There is also Hopf monoidal category, for what it’s worth. I have tried to interlink all these Hopfy entries.
(By the way, the entry on Hopf monads doesn’t try to say what a Hopf monad is, currently…)
I disagree with attitude “the generalization” in the idea section! Namely it is generally accepted in Hopf algebra community that in an arbitrary monoidal category generalizing Hopf algebras via the commutative diagrams is not quite [ sensible ] and deeper internal properties should be considered.
I think so, too. I think if one looks at all the literature on Hopfy things and their variants, the overarching organizational principle is Tannaka duality. All those conditions on algebras, bialgebra, trialgebra, etc. are justified by the fact that these are characteristic as inducing certain natural structure on their categories of modules.
(I think the (non-)definition of Hopfish algebra is a good point in case, for instance.)
So I’d be hesitant to speak of “Hopf monoids” if their categories of modules are not rigid with fiber functor. For that is what conceptually really defines Hopf algebraic structure, I think.
By the way, the entry on Hopf monads doesn’t try to say what a Hopf monad is, currently
The entry is supposed to collect all approaches on compatible comonad and monad with some sort of duality/rigidity/antipode. So, in future, each section should have its own definition. The article by Mesablishvili and Wisbauer in 5 gives quite much of a general picture as it knowledgeable refers to earlier works, including of Lack and Bruguières. The fundamental theorem of Hopf modules is a key principle. The Tannaka may be related (the paper by Szlachányi in 5 is explaining analogy between comparison functor for monadicity and Tannaka for structures in the categories of bimodules; fundamental theorem may be hi-brow viewed as a kind of one-point descent along torsors, which is sort of comonadicity for more points (like Schneider’s theorem)).
an arch too far?
is there another guiding principle?
The definition of things like “quasitriangular Hopf algebras” is fairly intricate. But the point is: whatever this structure is, it is precisely what makes the category of modules be rigid braided monoidal, which is plain and simple.
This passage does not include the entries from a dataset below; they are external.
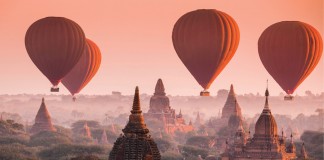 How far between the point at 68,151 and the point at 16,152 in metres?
6.72

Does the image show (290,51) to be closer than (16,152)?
Yes

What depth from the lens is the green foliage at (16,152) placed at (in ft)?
404

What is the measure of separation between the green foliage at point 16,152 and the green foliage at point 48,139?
10.7m

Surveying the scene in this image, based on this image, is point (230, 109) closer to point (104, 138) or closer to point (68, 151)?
point (104, 138)

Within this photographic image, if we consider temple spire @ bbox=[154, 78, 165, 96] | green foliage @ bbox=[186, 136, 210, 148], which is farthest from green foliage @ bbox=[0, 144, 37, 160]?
temple spire @ bbox=[154, 78, 165, 96]

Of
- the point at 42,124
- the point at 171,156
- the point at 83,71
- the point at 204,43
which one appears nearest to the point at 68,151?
the point at 171,156

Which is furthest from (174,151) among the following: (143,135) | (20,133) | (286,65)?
(143,135)

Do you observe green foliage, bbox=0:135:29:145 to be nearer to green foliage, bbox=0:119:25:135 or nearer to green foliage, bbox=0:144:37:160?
green foliage, bbox=0:144:37:160

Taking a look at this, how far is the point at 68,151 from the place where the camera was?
5187 inches

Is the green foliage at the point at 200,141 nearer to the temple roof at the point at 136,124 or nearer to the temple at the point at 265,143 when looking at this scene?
the temple at the point at 265,143

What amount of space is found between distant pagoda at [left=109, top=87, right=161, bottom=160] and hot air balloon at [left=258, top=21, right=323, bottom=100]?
118ft

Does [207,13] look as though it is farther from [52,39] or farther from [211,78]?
[52,39]

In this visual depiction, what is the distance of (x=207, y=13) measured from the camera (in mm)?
89250

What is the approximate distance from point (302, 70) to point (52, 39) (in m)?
21.8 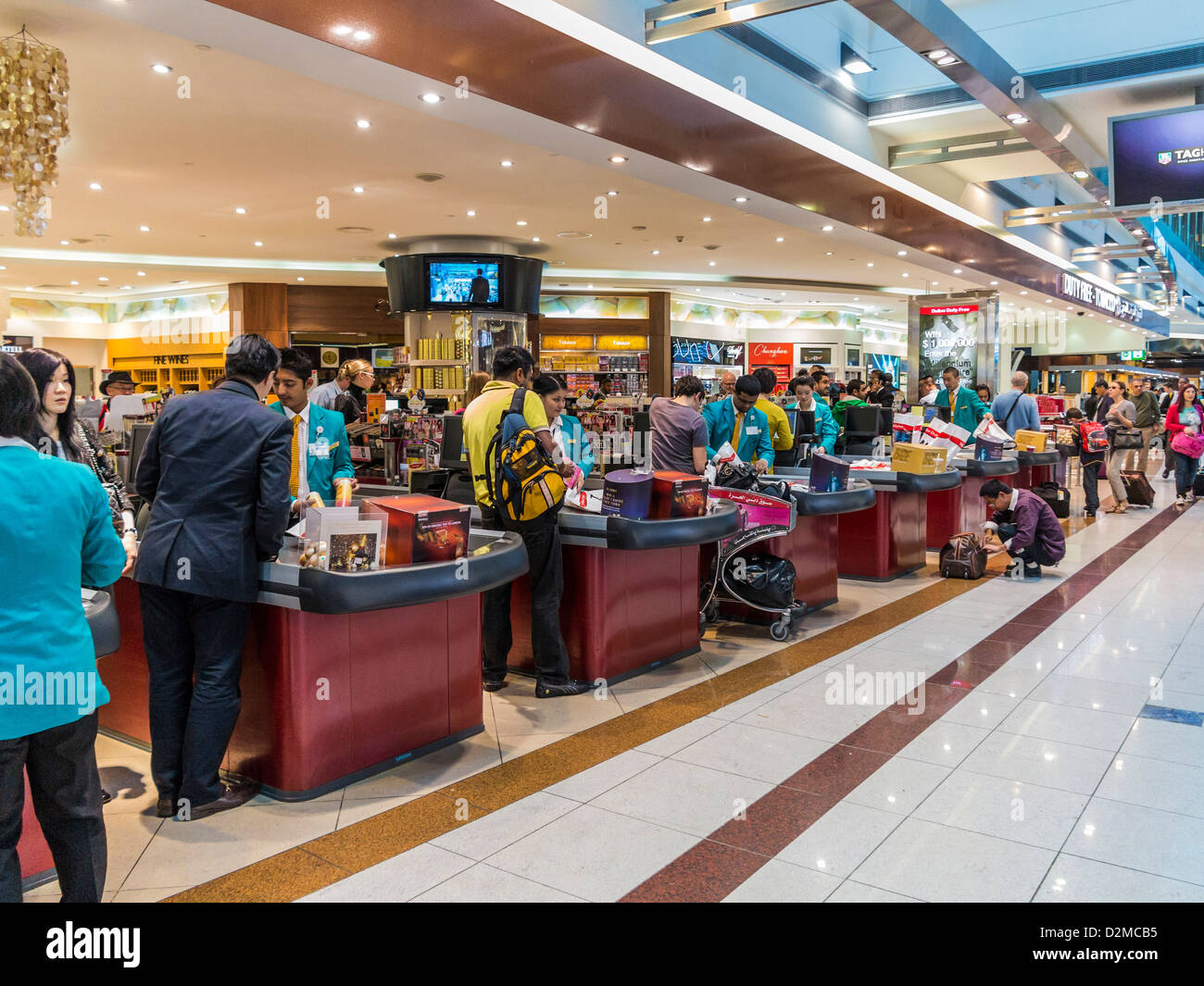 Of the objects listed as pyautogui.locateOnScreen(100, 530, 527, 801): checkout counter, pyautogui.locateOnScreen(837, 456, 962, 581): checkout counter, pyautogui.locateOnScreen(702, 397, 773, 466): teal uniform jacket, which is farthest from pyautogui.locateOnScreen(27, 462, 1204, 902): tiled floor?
pyautogui.locateOnScreen(837, 456, 962, 581): checkout counter

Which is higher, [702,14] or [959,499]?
[702,14]

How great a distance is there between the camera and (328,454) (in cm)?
426

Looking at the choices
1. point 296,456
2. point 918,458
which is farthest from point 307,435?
point 918,458

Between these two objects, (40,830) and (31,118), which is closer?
(40,830)

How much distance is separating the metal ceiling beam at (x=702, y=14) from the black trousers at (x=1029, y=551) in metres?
4.05

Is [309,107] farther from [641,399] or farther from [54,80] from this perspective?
[641,399]

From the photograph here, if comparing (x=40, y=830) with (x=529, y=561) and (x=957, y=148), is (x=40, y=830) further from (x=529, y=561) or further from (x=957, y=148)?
(x=957, y=148)

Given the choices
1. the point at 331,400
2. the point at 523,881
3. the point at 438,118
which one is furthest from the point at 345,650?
the point at 438,118

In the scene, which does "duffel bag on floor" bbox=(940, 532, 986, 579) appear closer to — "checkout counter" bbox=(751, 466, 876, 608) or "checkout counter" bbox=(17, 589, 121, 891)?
"checkout counter" bbox=(751, 466, 876, 608)

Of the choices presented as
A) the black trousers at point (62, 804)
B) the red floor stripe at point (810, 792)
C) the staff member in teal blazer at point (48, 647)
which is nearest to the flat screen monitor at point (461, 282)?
the red floor stripe at point (810, 792)

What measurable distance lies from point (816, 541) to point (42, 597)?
4805 millimetres

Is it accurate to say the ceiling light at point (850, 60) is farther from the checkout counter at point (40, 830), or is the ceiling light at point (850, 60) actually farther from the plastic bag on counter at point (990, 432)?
the checkout counter at point (40, 830)

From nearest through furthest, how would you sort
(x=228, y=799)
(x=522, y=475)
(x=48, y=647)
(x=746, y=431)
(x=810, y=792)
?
1. (x=48, y=647)
2. (x=228, y=799)
3. (x=810, y=792)
4. (x=522, y=475)
5. (x=746, y=431) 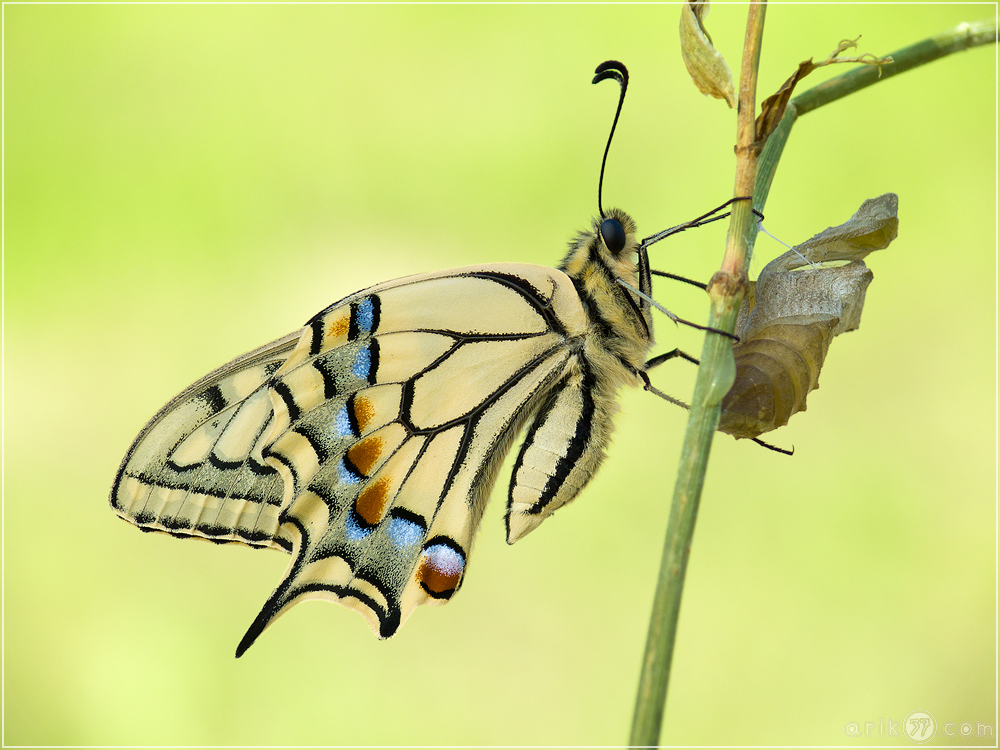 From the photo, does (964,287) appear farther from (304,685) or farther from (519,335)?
(304,685)

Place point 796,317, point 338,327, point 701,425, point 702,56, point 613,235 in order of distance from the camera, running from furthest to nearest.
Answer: point 613,235 → point 338,327 → point 796,317 → point 702,56 → point 701,425

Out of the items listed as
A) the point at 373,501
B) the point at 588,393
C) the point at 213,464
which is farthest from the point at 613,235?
the point at 213,464

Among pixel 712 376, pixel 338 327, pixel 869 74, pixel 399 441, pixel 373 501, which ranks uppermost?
pixel 869 74

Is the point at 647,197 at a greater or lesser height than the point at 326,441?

And I’d dare say this is also what counts in applications. Like in all applications of quantum groups to quantum field theories, what counts is that their categories of modules have certain natural properties.
But of course one can define what one wants. I just think if in a situation of intricate algebraic conditions one throws out the only guiding principle there is, then it is very hard to tell where the journey is going.
If you want it to say “a generalization” rather than “the generalization”, that’s fine with me. It’s certainly the most obvious generalization, to a category theorist, and it’s a good and useful one.
is there another guiding principle?
Yes: fundamental theorem on Hopf modules (as I stated above with some of the references). It is a pity Tomasz Maszczyk did not publish on the issue, as he has a very deep understanding of that issue.
If you want it to say “a generalization” rather than “the generalization”
Exactly.
is there another guiding principle?
Yes: fundamental theorem on Hopf modules
Okay, so for which ambient monoidal categories is this true for Hopf monoids, and for which definition of Hopf monoids?
That is itself one possible definition: the bimonoid is a Hopf monoid iff the fundamental theorem of Hopf modules holds. True for example for the ambient category of modules over a commutative associative unital ring.